Only if you define ||...|| in such a way that you don't get the result above.

>> > Complexity of W is simply ||W||. The corresponding definition in terms of a saturated list of vals v is
>> >
>> > sqrt(det(vi.vj)/C(n, k))
>> >
>> > where C(n, k) = n choose k is the binomial coefficient, where n is the dimension (length) of each val, and k is the number of vals.
<snip>
>> You lose the rule that the badness of a rank 2 temperament must be
>> less than the product of the badnesses of the equal temperaments that
>> make it up, though, don't you?
>
> Do I? It's not clear we are even using a different definition.

We're getting different results. And if you're putting binomials on
the linear algebra side, we're using different definitions.

I do have code doing these wedgie-side.
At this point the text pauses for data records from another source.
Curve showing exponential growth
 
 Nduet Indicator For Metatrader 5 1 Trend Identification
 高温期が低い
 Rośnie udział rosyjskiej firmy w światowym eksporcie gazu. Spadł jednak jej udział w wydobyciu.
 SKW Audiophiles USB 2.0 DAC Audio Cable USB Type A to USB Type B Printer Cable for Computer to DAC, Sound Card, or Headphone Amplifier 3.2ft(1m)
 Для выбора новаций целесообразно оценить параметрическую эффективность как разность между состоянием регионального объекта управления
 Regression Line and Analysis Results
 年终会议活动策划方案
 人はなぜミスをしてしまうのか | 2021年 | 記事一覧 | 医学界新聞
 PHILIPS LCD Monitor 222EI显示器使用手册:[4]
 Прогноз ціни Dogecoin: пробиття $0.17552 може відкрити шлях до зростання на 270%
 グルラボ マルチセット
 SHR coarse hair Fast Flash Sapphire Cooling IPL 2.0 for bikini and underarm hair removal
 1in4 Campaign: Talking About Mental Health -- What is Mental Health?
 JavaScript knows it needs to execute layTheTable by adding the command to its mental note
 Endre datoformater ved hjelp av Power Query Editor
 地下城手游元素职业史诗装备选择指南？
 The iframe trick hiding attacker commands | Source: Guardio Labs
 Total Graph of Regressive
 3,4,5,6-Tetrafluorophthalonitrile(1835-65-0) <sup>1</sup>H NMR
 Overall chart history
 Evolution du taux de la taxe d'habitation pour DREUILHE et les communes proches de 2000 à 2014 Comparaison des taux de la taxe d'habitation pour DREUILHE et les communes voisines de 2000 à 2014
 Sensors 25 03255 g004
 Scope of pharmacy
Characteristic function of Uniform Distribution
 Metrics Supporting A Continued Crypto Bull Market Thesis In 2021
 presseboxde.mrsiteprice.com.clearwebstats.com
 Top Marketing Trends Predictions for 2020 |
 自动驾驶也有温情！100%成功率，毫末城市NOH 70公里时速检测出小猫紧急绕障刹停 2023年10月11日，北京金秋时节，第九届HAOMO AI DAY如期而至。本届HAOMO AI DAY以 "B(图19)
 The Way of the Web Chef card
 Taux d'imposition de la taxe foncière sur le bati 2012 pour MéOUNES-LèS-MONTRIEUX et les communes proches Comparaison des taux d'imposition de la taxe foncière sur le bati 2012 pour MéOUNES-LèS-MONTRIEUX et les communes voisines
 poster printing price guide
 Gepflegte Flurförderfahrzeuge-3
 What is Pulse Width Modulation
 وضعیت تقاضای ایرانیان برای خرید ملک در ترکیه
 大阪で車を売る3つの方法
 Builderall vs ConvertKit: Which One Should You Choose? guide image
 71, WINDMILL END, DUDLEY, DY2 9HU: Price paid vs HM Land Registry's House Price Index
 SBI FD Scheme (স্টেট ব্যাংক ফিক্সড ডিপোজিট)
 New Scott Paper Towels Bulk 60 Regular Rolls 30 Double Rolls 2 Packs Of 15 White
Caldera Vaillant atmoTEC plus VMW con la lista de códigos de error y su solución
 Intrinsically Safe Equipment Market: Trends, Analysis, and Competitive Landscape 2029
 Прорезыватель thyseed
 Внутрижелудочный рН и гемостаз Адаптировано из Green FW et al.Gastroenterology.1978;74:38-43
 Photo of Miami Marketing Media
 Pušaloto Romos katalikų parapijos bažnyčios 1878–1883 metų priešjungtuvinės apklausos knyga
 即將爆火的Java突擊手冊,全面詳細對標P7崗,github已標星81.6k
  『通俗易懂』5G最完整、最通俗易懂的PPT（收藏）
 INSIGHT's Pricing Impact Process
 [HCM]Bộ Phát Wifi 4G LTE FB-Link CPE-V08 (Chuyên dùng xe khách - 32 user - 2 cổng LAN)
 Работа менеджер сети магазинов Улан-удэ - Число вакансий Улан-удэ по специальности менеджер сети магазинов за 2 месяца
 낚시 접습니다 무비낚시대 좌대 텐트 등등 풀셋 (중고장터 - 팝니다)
Here's the part that defines
the metric:

sqrt(abs((M^~M).flatten()[0])/ self.dimension**self.rank)

It could be shortened to

sqrt(||M||/d**r)

where ||M|| is the usual Euclidean measure of the multivector, with an
implied sum, d is the number of primes, and r is the rank.

I forget how rigorously I tested that with different ranks. It's
clearly only defined for Tenney weighting.

Graham

--- In tuning-math@yahoogroups.com, Graham Breed <gbreed@...> wrote:

> It could be shortened to
>
> sqrt(||M||/d**r)
>
> where ||M|| is the usual Euclidean measure of the multivector, with an
> implied sum, d is the number of primes, and r is the rank.

Two different degree r polynomials in d as the weight: I use
d choose r, and you use d**r. The justification for doing it my way is that complexity is the rms average size of the coefficients of M. What's your reasoning?

On 15 July 2010 02:08, genewardsmith <genewardsmith@sbcglobal.net> wrote:
>
>
> --- In tuning-math@yahoogroups.com, Graham Breed <gbreed@...> wrote:
>
>> It could be shortened to
>>
>> sqrt(||M||/d**r)
>>
>> where ||M|| is the usual Euclidean measure of the multivector, with an
>> implied sum, d is the number of primes, and r is the rank.
>
> Two different degree r polynomials in d as the weight: I use
> d choose r, and you use d**r. The justification for doing it my way is that complexity is the rms average size of the coefficients of M. What's your reasoning?

It should give the right geometry in the inner product space. The
complexity of a val is its length (or distance from the origin). The
complexity of a rank 2 temperament is the area of a parallelogram
described by two of its vals without contorsion. And so on. That
should also mean you get the same result if you divide through by d as
part of the weighting, and then use the standard Euclidean metric.

It's also set so that the scalar complexity approximates the STD
complexity, or vice versa. This is the RMS equivalent of the range
complexity (or Kees-max complexity) which is in turn the TOP
equivalent of the old odd-limit complexity. It's the average
complexity of an interval in terms of generators divided by the
complexity of the ratio it approximates. So the **r comes in because
you do a sum over r coefficients when you calculate the wedge
products.

Graham